WHAT YOU WILL DO:
Among the lines below, keep only those from the one containing "TikTok video thumbnail by addyyybuggg" through the one containing "Karhutla Nyaris Ancam", and reproduce them exactly.

AVAILABLE DATA:
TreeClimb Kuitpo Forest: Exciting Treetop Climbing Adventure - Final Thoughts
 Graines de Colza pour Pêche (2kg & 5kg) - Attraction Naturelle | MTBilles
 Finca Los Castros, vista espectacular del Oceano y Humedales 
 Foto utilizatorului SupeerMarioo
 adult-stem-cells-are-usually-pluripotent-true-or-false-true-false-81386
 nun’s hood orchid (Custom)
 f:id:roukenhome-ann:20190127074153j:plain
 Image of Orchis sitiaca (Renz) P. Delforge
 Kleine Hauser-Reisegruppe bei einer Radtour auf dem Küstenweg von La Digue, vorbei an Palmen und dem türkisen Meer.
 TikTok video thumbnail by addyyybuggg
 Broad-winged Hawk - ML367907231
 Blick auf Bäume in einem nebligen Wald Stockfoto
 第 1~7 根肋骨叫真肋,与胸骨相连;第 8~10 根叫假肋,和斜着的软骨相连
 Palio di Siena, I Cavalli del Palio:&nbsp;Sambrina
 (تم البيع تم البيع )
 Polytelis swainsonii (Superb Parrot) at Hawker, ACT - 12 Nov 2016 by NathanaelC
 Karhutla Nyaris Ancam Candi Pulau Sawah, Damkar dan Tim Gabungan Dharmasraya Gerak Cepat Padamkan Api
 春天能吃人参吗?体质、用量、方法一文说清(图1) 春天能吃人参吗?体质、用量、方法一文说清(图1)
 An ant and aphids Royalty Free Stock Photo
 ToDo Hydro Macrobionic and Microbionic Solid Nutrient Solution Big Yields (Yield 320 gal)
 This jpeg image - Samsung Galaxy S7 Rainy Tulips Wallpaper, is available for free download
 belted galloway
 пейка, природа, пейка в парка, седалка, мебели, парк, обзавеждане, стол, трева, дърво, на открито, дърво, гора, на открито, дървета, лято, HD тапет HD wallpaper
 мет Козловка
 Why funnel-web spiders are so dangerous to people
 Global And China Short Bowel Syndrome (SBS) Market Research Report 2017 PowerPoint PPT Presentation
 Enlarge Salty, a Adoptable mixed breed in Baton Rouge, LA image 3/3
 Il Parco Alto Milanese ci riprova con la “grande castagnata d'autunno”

RESPONSE TO THIS EXERCISE:
 TikTok video thumbnail by addyyybuggg
 Broad-winged Hawk - ML367907231
 Blick auf Bäume in einem nebligen Wald Stockfoto
 第 1~7 根肋骨叫真肋,与胸骨相连;第 8~10 根叫假肋,和斜着的软骨相连
 Palio di Siena, I Cavalli del Palio:&nbsp;Sambrina
 (تم البيع تم البيع )
 Polytelis swainsonii (Superb Parrot) at Hawker, ACT - 12 Nov 2016 by NathanaelC
 Karhutla Nyaris Ancam Candi Pulau Sawah, Damkar dan Tim Gabungan Dharmasraya Gerak Cepat Padamkan Api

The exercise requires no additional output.